# Beispiel für einen NTP Dienst



## vikozo (22. Nov. 2012)

guten Tag
Mit einem ISPConfig Server im Netz sollte es auch möglich sein den Server als Zeit-synch-Server zu benutzen für die Internen PC's.

Wäre es möglich das vorgehen zu erläutern in der annahme das:
Intern IPv4 192.168.14.0
Von Extern wird es in Zukunft via IPv6 erreichbar sein.
Domän Name wäre xxxx.com

Ziel PC's im lokalen Netz können via ntp.xxxx.com die Zeit synchronisieren.

Wie ist die vorgehensweise um die zu realisieren? Welche Infos fehlen noch?

vielen Dank für zahlreiche Feedback

mit freundlichem gruss
vinc


----------



## vikozo (29. Nov. 2012)

einen vorschlag?!


----------



## Till (29. Nov. 2012)

Da ein Zeit sync Server nicht weiter konfiguriert werden muss brauchst Du ihn einfach nur installieren, das ist nicht ispconfig spezifisch. Über Google oder im Ubuntu Wiki findest Du bestimmt Anleitungen dafür.

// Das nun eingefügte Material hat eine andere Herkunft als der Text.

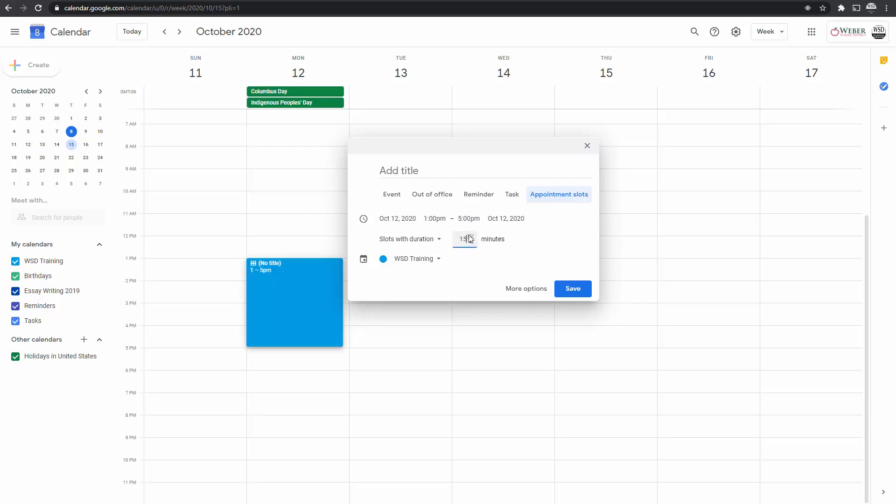Pick the time slot that you would need. And here I would put in Mr. James Parent Teacher Conference. You could name this. I would make it the same throughout the school so that everyone looks similar. And then this would be linked to a calendar.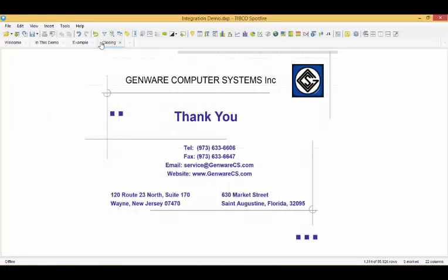If you would like to see a custom demonstration of this functionality, please email us at service at genwarecs.com. Thank you.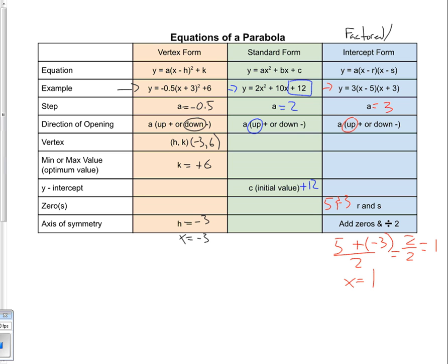All three equations for the parabola help us figure out different pieces of information. What will be important is determining which equation gives us which piece of information.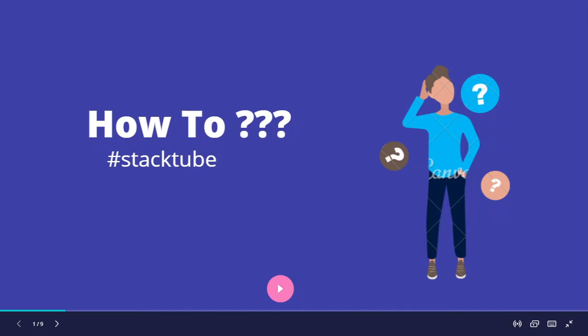Before starting, if you're new to this channel or haven't done so yet, please hit the subscribe button below so you'll never miss any of my videos. Let's get started.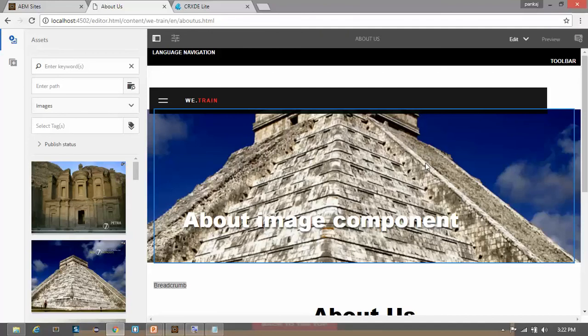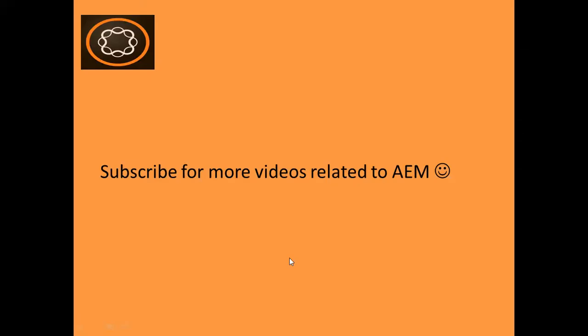This is how you can create the hero component. In my next video we will see how you can drag and drop the image component directly onto the component without opening the dialog box, using edit config's drag and drop functionality. So stay tuned. If you enjoyed this video, subscribe to my channel, like this video, and share it with your friends. Thanks again for watching.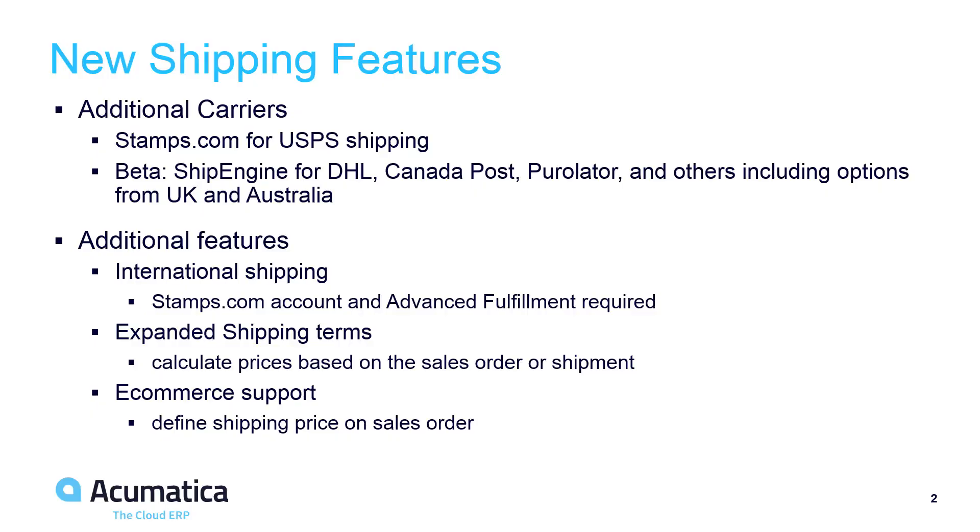Beginning in 2018 R2, international shipments from the United States are supported through a new integration with Stamps.com. In addition, freight charges can be calculated based on sales order information or shipment data. This allows sellers to quote shipping charges and guarantee the accuracy of those charges on customer invoices. This is useful in situations where payment is collected up front based on the theoretical size and weight of the order.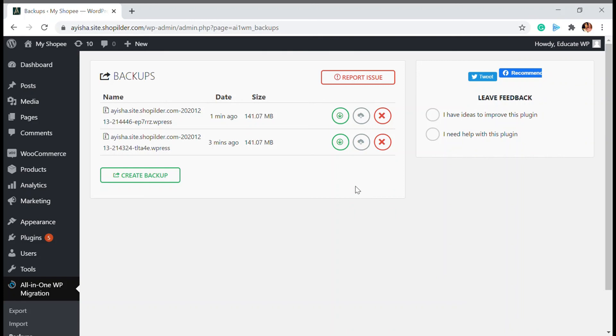That's all about today's video. We have just learned how you can import, export, create a backup, and also migrate your website. If you have any queries or questions related to WordPress or WooCommerce, we are very happy to bring content to you. Please comment down what you need help with or whichever video you want us to make. We'll see you in another video. Bye.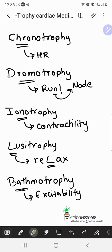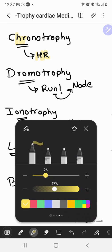Hi everyone. In this video we'll be talking about the trophy words related to cardiology, and I'll be sharing some mnemonics on how to remember these words. The first one on our list is chronotropy, which comes from the Greek word for time — like chronos, chronicles, things like that. It refers to the number of times the heart contracts, so it's related to heart rate. Anything that increases your heart rate would be a positive chronotropic agent. The way I remember this is that the word 'heart rate' is literally in the word chronotropy.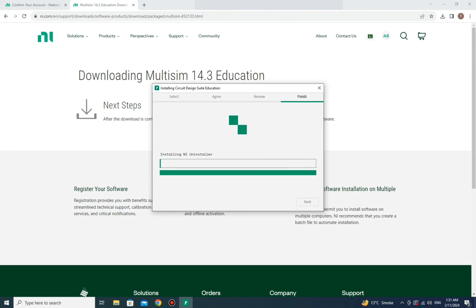Now the final installation loading will begin — this stage takes around 10 to 15 minutes, or possibly more or less depending on your internet speed. Multisim is a heavy software, so just wait for the installation to complete. Once done, Multisim will be installed on your system and you'll find its icon on your desktop.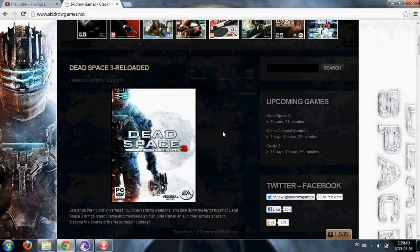Hello everyone! Today I'm going to show you how to get Dead Space 3 for PC. It's a cracked game by Skid Row.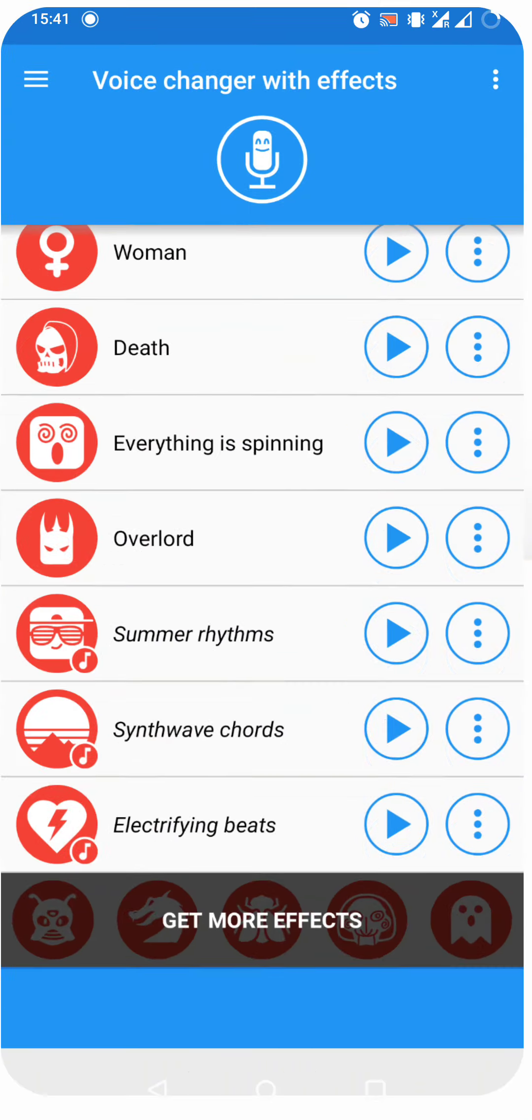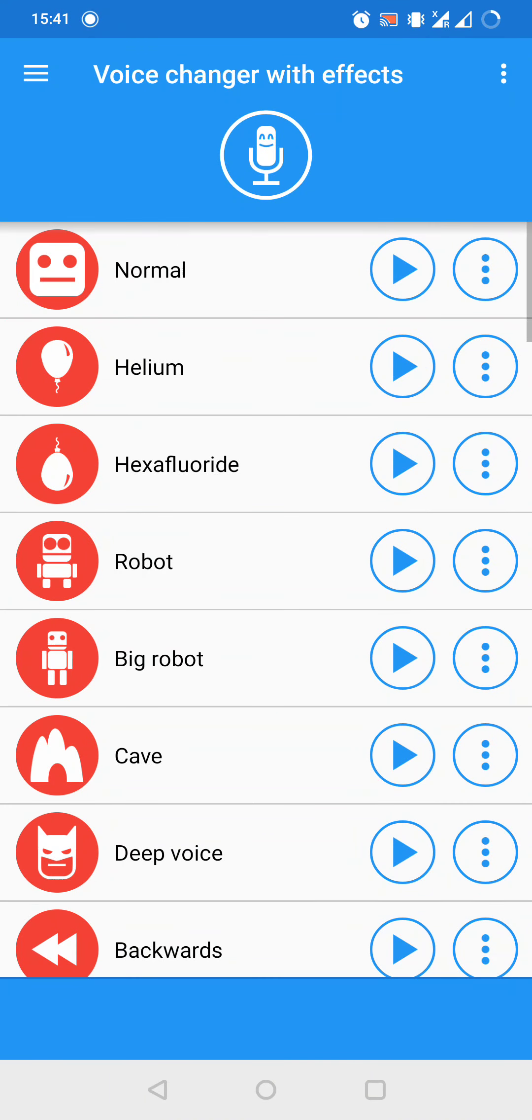Now let's jump into it. First of all, let's open the app. As we can see, here we have a lot of options, but first, we need to record something. For recording audio file, we have to press the microphone icon on the top center.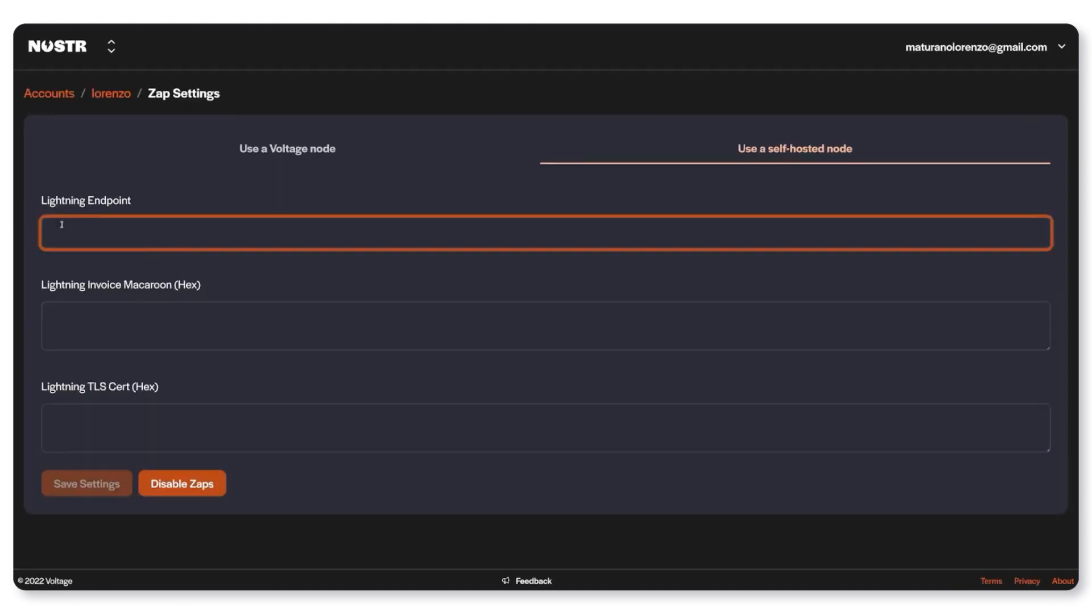For the lightning endpoint this will be the API endpoint that external services use to communicate with your node. An easy way to find this value is by searching for it in a wallet or node manager that you have connected to your node. For instance if you're running Zeus you can open up the settings and find the value there.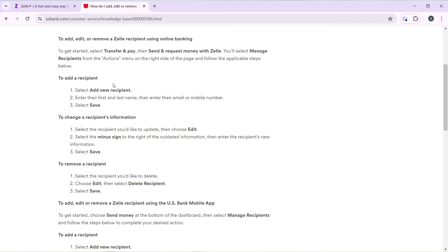To delete a recipient, select the recipient you would like to delete from the 'Manage Recipients' window, which you access from the actions menu in the right corner of the page. You'll find a list of your recipients there. Select the recipient you would like to delete, choose 'Edit,' and then select 'Delete Recipient.' After clicking 'Delete Recipient,' click 'Save.'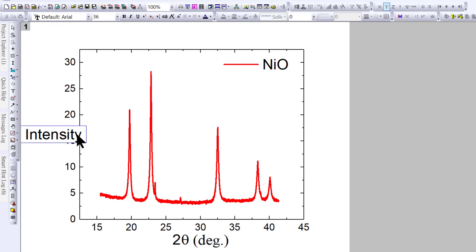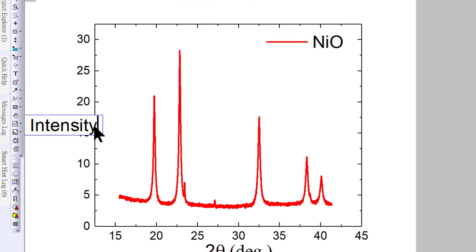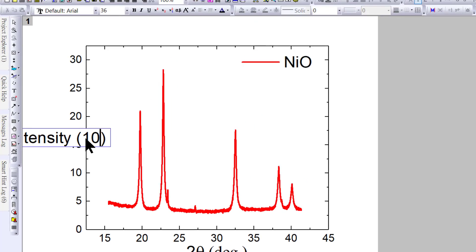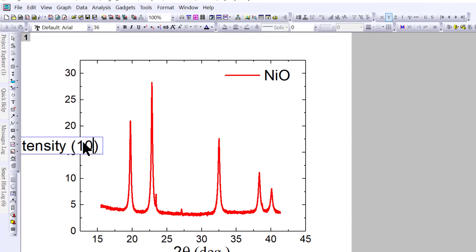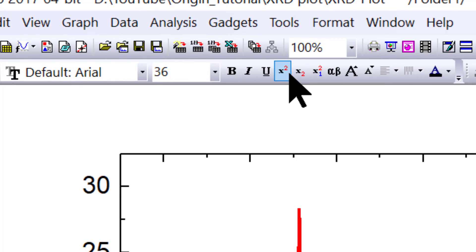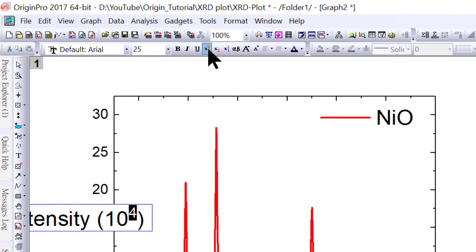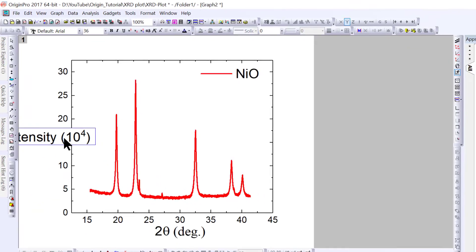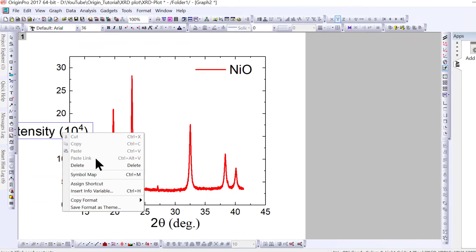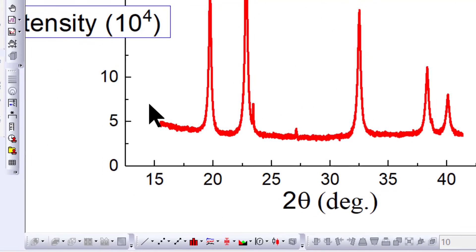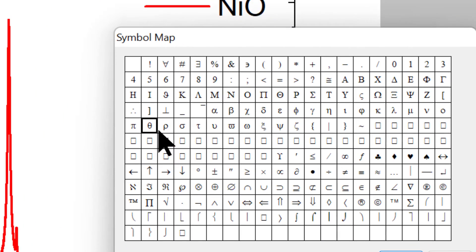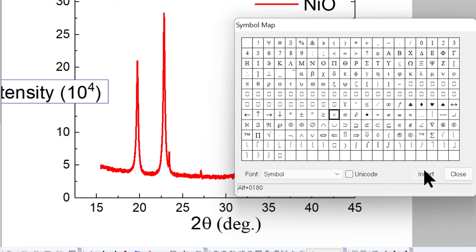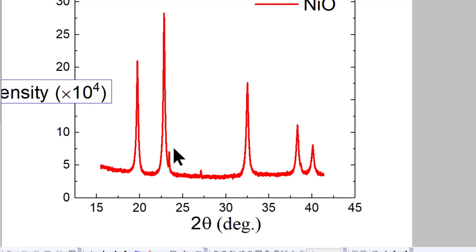In the intensity label, you can write in brackets 10 to the power 4. Select the number 4 and use superscript. For the multiplication symbol, right-click, go to symbol map, find the cross symbol, and insert.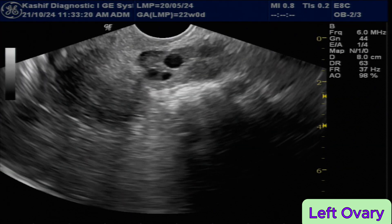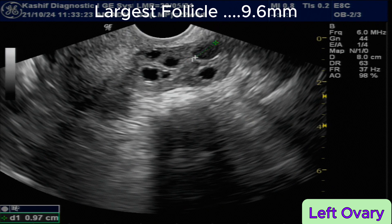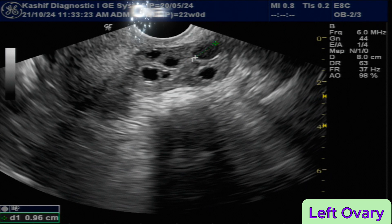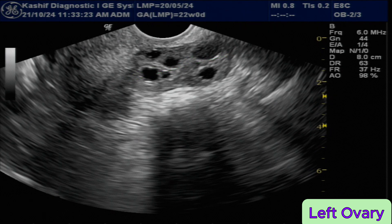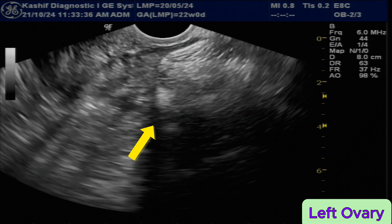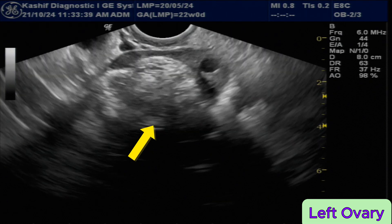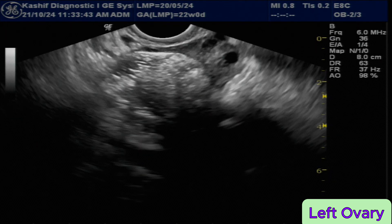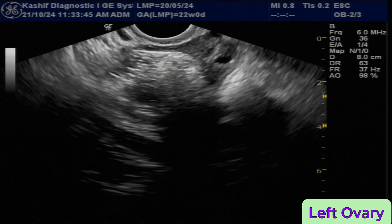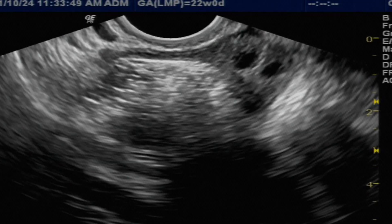This is the left ovary. Again, we see multiple small follicles in the left ovary, with the largest measuring 9.6 mm. There is an echogenic mass in the left ovary measuring 46 mm. It is highly echogenic, has smooth margins, and is avascular, with some internal areas of mixed echogenicity and fine thin echogenic strands.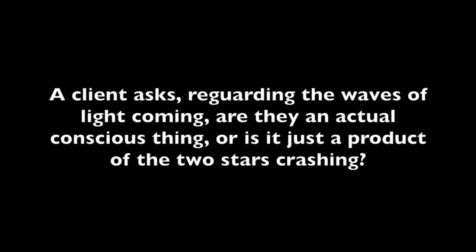A client asks: regarding the waves of light coming, are they an actual conscious thing, or is it just a product of two stars crashing? Yes, dear one, there are many sources of this light coming to your planet. As we have discussed before, this light is coming from many different places and many alignments. And so some of this light is a product of moving through light within your galaxy. And some of this light is more of a conscious effort, you could say, where light beings such as planets, galaxies, other universes are aligning in such a way as to strengthen the light coming to your planet. And this has much more consciousness or deliberate organization.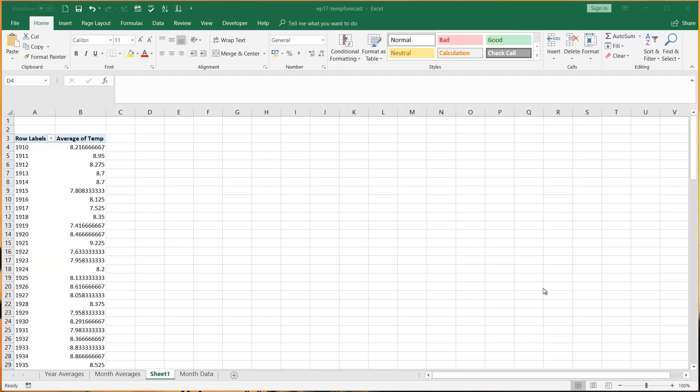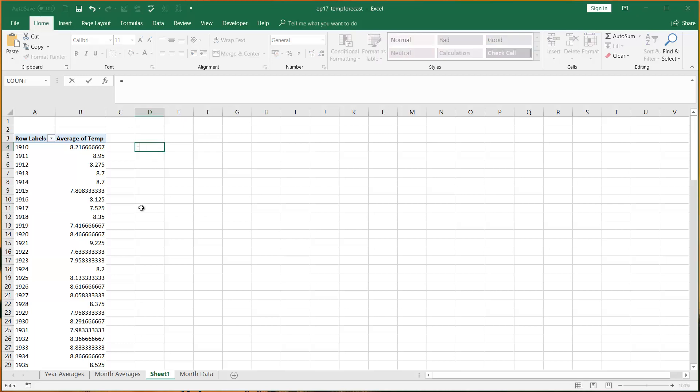Hello everybody and welcome to this quick video where I'm going to show you how to turn off get pivot data. For those of you that use pivot tables quite a lot, you press equals and try to do a formula onto them, and it will come up with get pivot data when you click on it automatically.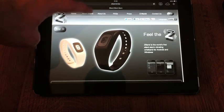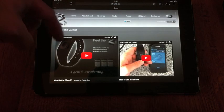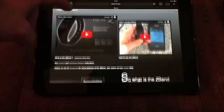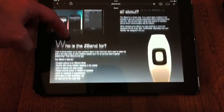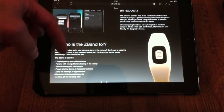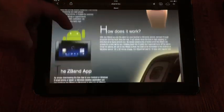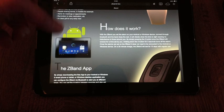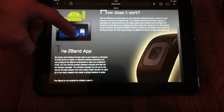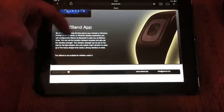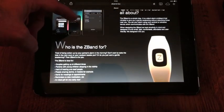This is the Z-Band. I'll just have a look at their website. So it tells you what it's about, how it works. You actually need a mobile phone to pair it with via Bluetooth for it to work properly.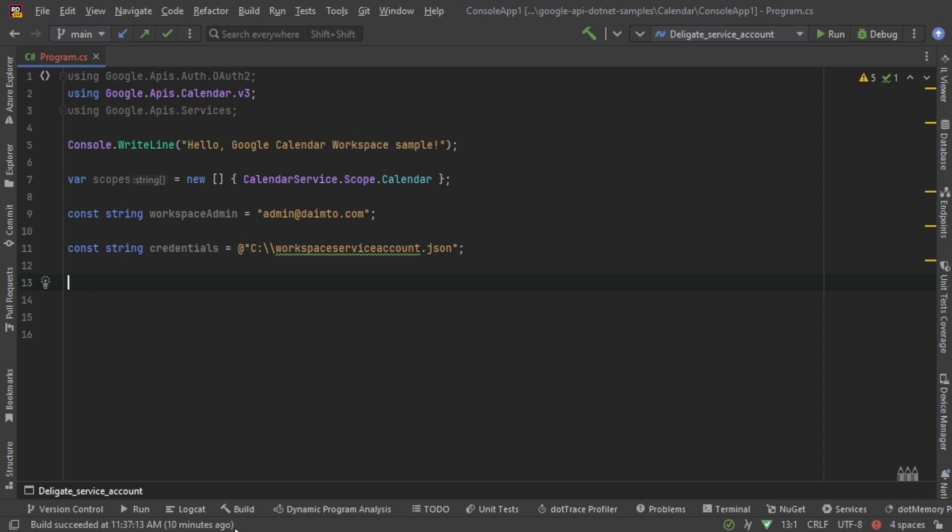Hello everyone, it's Linda again. Welcome back to my channel. I have an exciting topic for you today. We're going to dive into using Google Workspace domain-wide delegation with a service account to access Google Calendar using .NET. So if you're a developer looking to integrate Google Calendar functionality into your .NET application, then you're in the right place.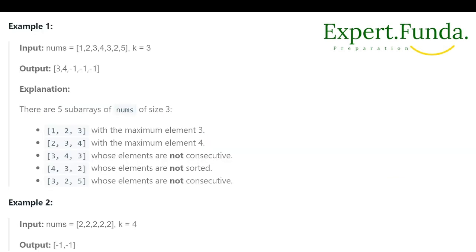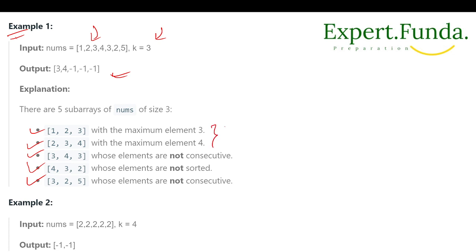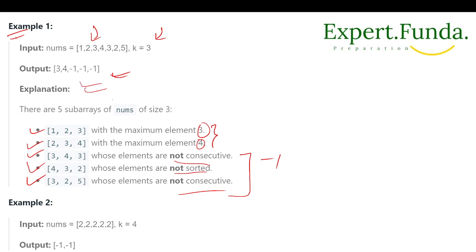In example one, we are given nums and k. We find all the subarrays — there are five subarrays. Then we check each one: if the subarray is sorted and consecutive, the maximum element is stored, for example three and four. For the remaining three subarrays that are not consecutive or sorted, we return minus one.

damit sich sowas lohnt müsstest Du aber schon ein paar hundert Server in Deinem heim Netzwerk haben, ansonsten nimm lieber pool.ntp.org auf den einzelnen Rechnern.


----------



## vikozo (29. Nov. 2012)

aber unter ISP könnte ich einen Namen zuweisen wie
ntp.domain.eu

und unter diesem namen dann auch erreichen


----------



## Till (29. Nov. 2012)

Das ist dann aber DNS und nicht NTP und DNS Records kannst Du ja bereits in ISPConfig anlegen. Also einfach neuer DNS A-Record:

ntp.domain.eu => 192.168.0.1

wobei Du die IP mit der IP des Servers ersetzen musst auf dem der NTP Dienst läuft.


----------